Problem description:
The copy should hold only the line containing "Athletic Dress By" and the lines after it through the end of the material, each exact, with no pictures.

Stored data:
________________________________________
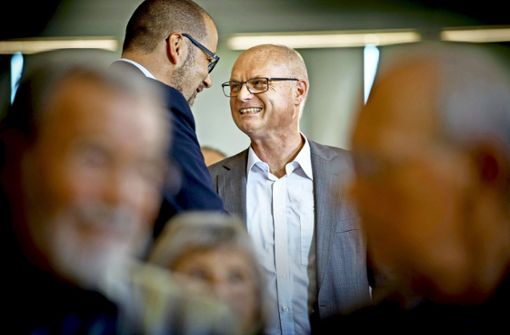 Strahlender Sieger: Reinhard Molt wird  Bürgermeister in Remshalden. Foto: Gottfried Stoppel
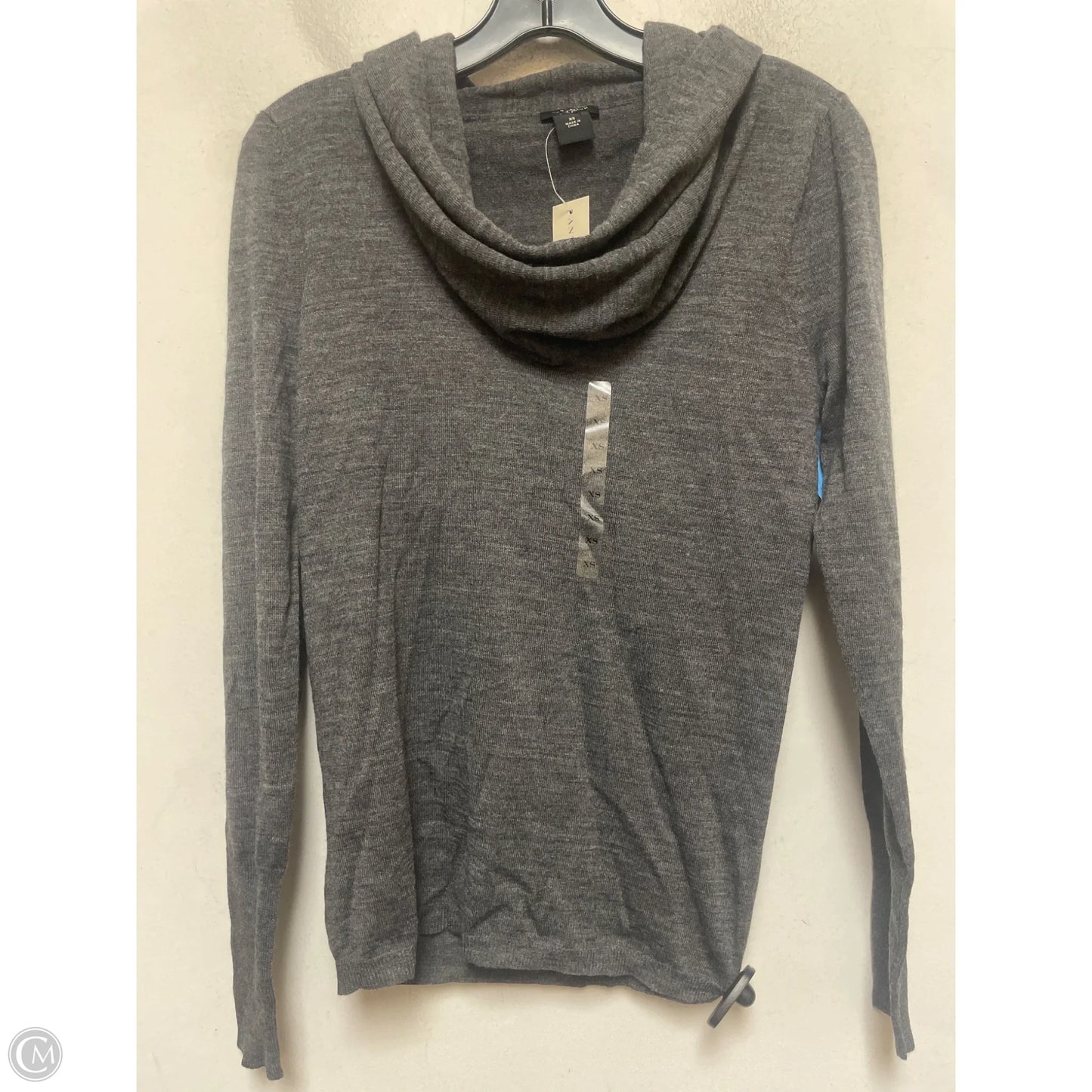 Top Long Sleeve By Ann Taylor In Grey, Size: Xs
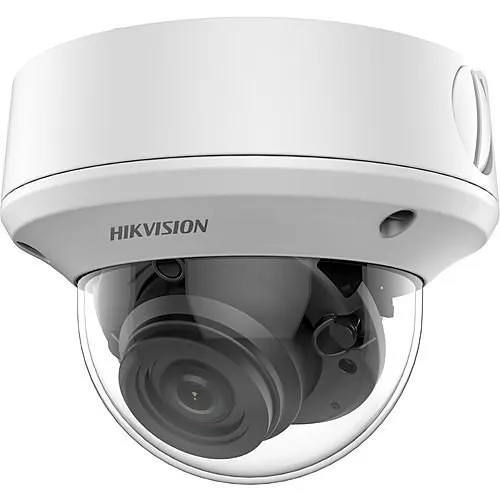 Hikvision DS-2CE5AD3T-AVPIT3ZF TurboHD 2MP Outdoor Ultra-Low Light Dome Analog Camera, 2.7-13.5mm Motorized Varifocal Lens, White (Replaces DS-2CC52D9T-AVPIT3ZE)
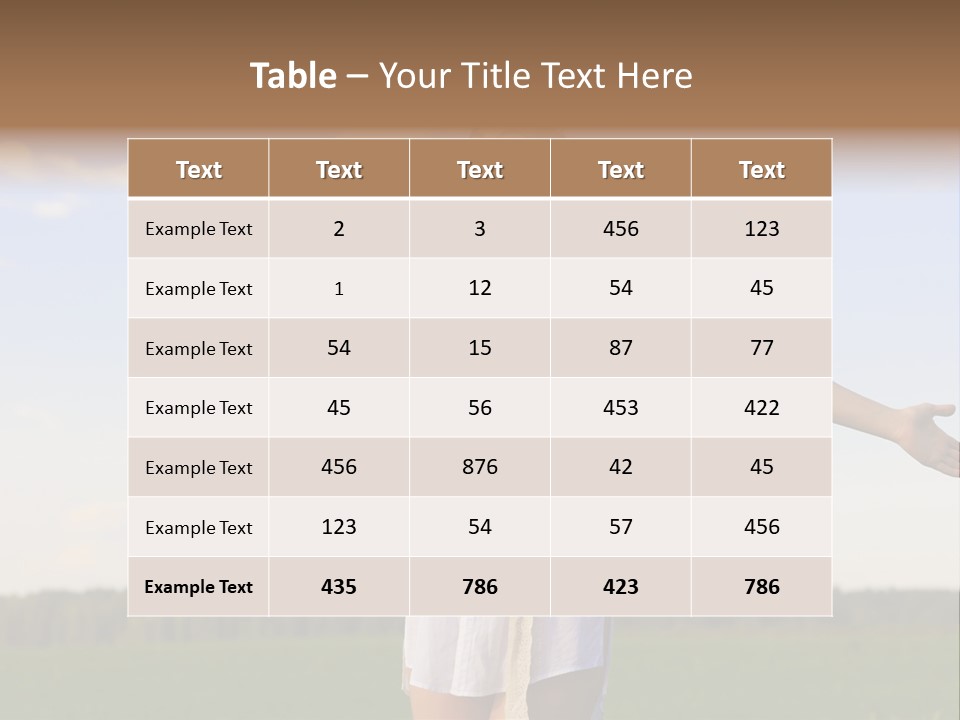Vitality Cloud Looking PowerPoint Template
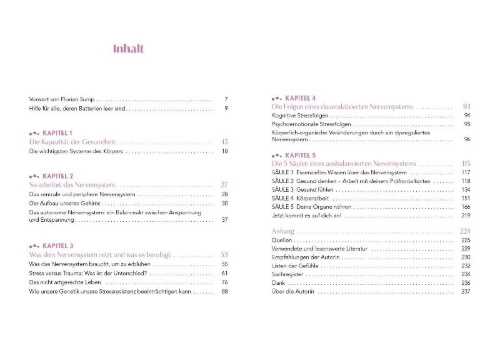 Buchcover und Innenansicht für das Buch: Neustart fürs Nervensystem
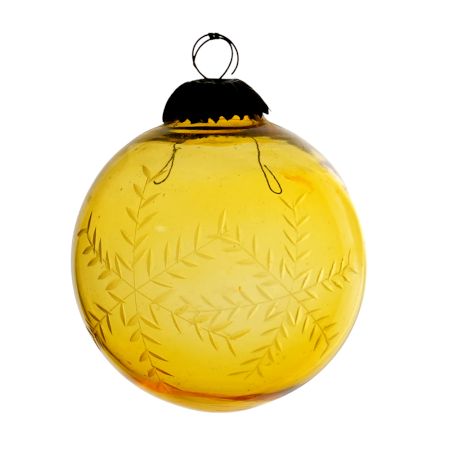 Yellow Round leaf Christmas Hanging Online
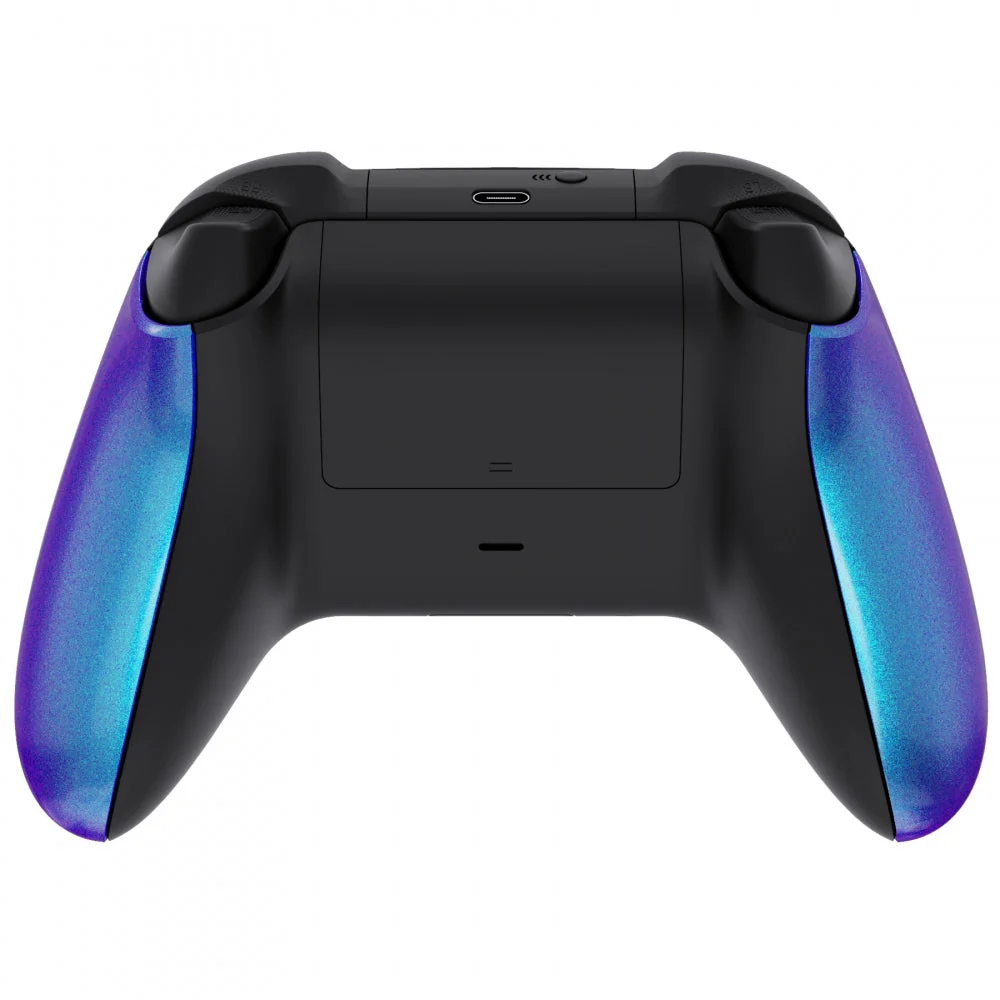 eXtremeRate Replacement Front Housing Shells with Side Rails Panels for Xbox Series X & S Controller - Chameleon Purple Blue - Image 7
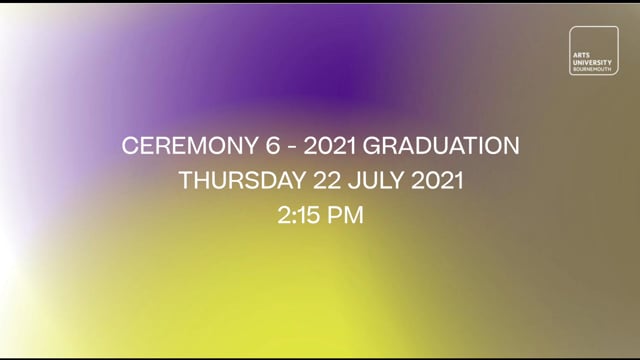 Ceremony 6 - 2021 Graduation - Thursday 22 July 2021 - 2:15 pm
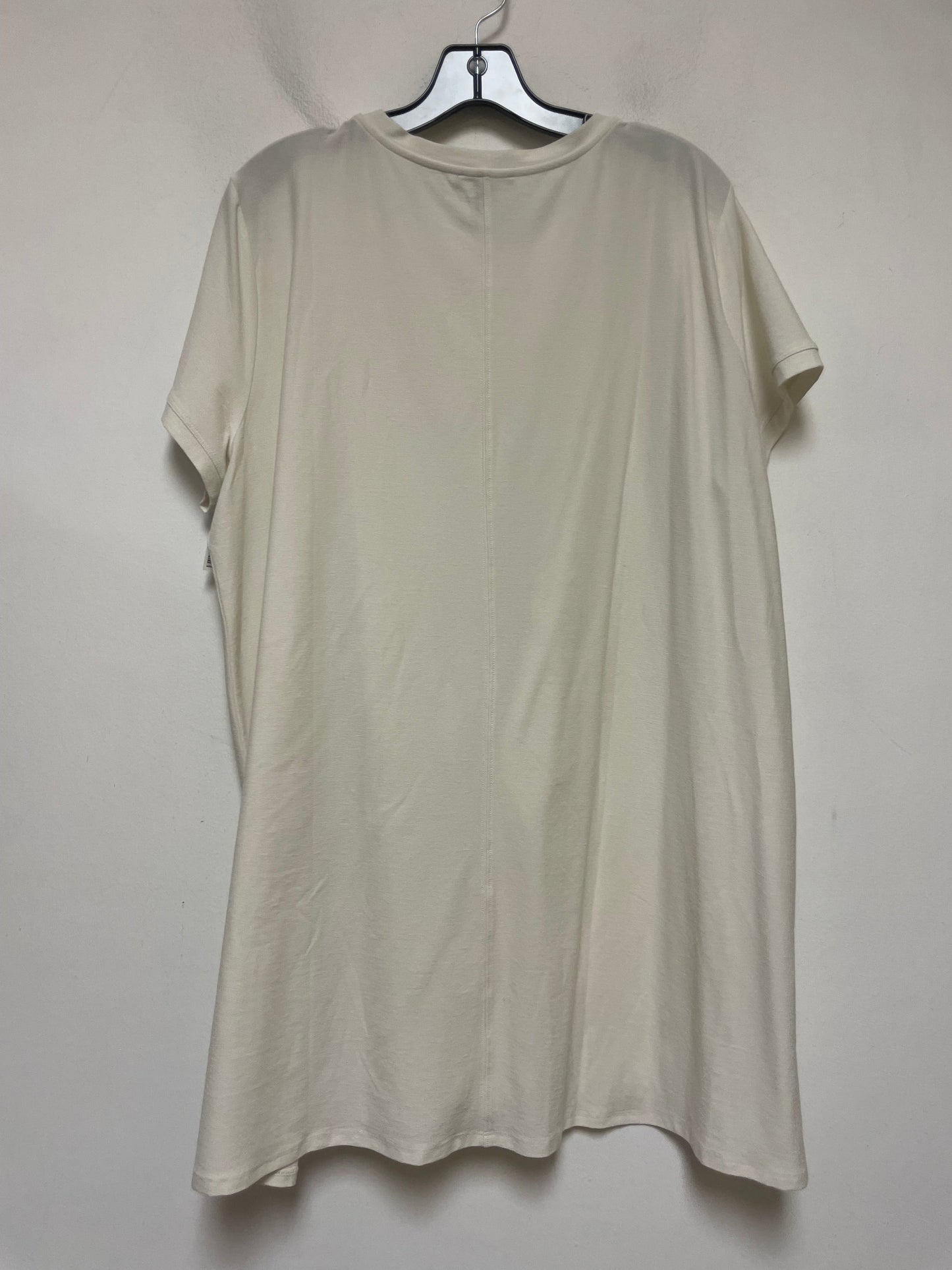 Athletic Dress By Eileen Fisher In Cream, Size: 2x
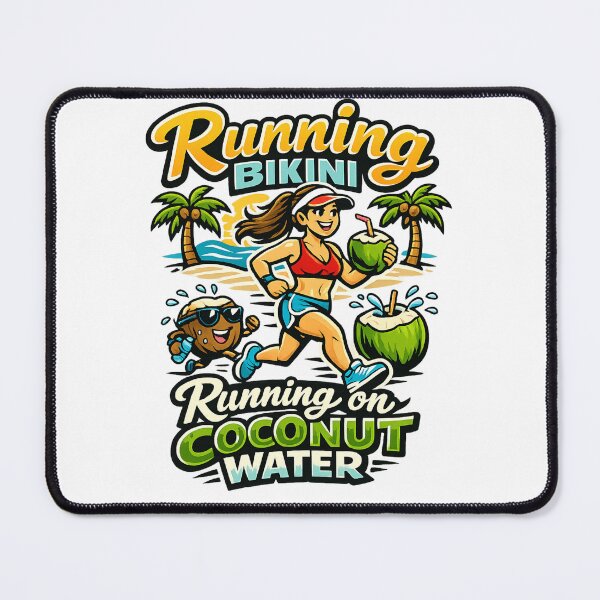 Item preview, Running on Coconut Water Running Bikini designed and sold by DPBTees70.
________________________________________
Response to this exercise:
 Athletic Dress By Eileen Fisher In Cream, Size: 2x
 Item preview, Running on Coconut Water Running Bikini designed and sold by DPBTees70.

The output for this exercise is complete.